Towards the end of a session in Dhaka in late November at the Hay Literature Festival, where my book on Bangladesh was launched, when the moderator, Qayyum Khan, also a freedom fighter, opened the floor to questions, one man spoke cryptically, asking me about what can a small country do when it is surrounded by a larger country. He was clearly alluding to India and Bangladesh.
I said there were similar concerns in Mexico about the US, in Myanmar about China, and in other smaller countries surrounded by a bigger one. The man seemed unconvinced; India, being bigger, was not doing enough, he seemed to say.

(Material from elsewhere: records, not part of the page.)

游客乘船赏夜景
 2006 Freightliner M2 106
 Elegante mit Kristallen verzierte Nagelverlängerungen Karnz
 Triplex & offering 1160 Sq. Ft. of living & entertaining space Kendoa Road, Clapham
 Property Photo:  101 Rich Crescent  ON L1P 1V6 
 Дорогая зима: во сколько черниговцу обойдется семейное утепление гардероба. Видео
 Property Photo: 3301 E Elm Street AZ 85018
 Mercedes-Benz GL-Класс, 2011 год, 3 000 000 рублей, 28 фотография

Later that week I met a few Indians living in Bangladesh—as officials or corporate executives—and I heard another complaint: Bangladeshis don’t trust us in spite of what we did for them. That was a clear reference to the 1971 liberation war, when some 10 million East Pakistani refugees found home in India, and India supported the Mukti Bahini and retaliated when Pakistan attacked India 43 years ago this week.
The Pakistani army surrendered within two weeks; Bangladesh was free; Indian troops returned to India within months, and a large majority of the refugees went home to Bangladesh. India played a major role in Bangladesh’s independence but it cannot continue to seek gratitude. Bangladeshis remind India that their country’s birth was to India’s strategic advantage, and indeed many Indian soldiers died, so did hundreds of thousands of Bangladeshi civilians, and perhaps as many as a quarter million women were raped. Could Indians be sensitive to that suffering?
And yet, four decades after the war, many in India feel Bangladesh is ungracious, if not ungrateful, and many in Bangladesh think India is deeply patronizing. To that, add governmental failure on both sides to agree on sharing rivers, to increase cross-border trade, and making travel easier. Sometimes, travelling across the border gets bloody. A year ago in Chittagong, a businessman recalled how in 1971 when he was a boy he knew of children reaching the Indian border hoping to cross it to safety, even as Pakistani troops patrolled the border, trying to prevent refugees from fleeing. Would-be refugees would wait for Indian jawans to signal when it was safe to cross the border. Once they were across, jawans would lift them and take them to safety.
I liked hearing that story, until he added: “Why, then, does the Border Security Force (BSF) now shoot poor Bangladeshis at the border?” Bangladeshis want to buy Indian cows; they want to sell Tangail saris, he said, and told me about videos he had seen on the Internet which showed BSF jawans beating poor peasants. Reports from credible human rights groups have documented disproportionate force on the border. That does not inspire trust, nor does it make Bangladesh grateful towards India. Ghosh’s novel is set in Kolkata, Dhaka and London, and weaves together memories across time and place. Central to its plot is the division of Bengal.
A grandmother is planning to visit Dhaka and asks innocently if she would be able to see the border from her plane. Her son laughs and asks her if she thought that the border was a long black line with green on one side and scarlet on the other, “like it was in a school atlas”. But that was not what she meant, not at all. Surely there is something, she thinks, “trenches perhaps, or soldiers, or guns pointing at each other, or even just barren strips of land. Don’t they call it no-man’s land?…[i]f there aren’t any trenches or anything, how are people to know?…What was it all for then—Partition and all the killing and everything—if there isn’t something in between?” There was an enchantment in those lines, Ghosh wrote later.
The men who marked the borders believed “that there was something admirable in moving violence to the borders…(they hoped) once they had etched their borders, the two bits of land would sail away from each other…” But instead of a separation, they had created an irony, “that there had never been a moment…(when) Dhaka and Calcutta were more closely bound to each other than after they had drawn their lines—so closely that I, in Calcutta, had only to look into the mirror to be in Dhaka; a moment when each city was the inverted image of the other, locked into an irreversible symmetry by the line that was to set us free—our looking-glass border”.
Once again, it was a novelist who captured the larger truth better than coordinates on a map could, giving the answer to the questions full of misunderstandings—from the Bangladeshi in the audience, and from the Indian living in Dhaka, each nursing his private grievance, creating his own wall across the border.
Salil Tripathi is a writer based in London.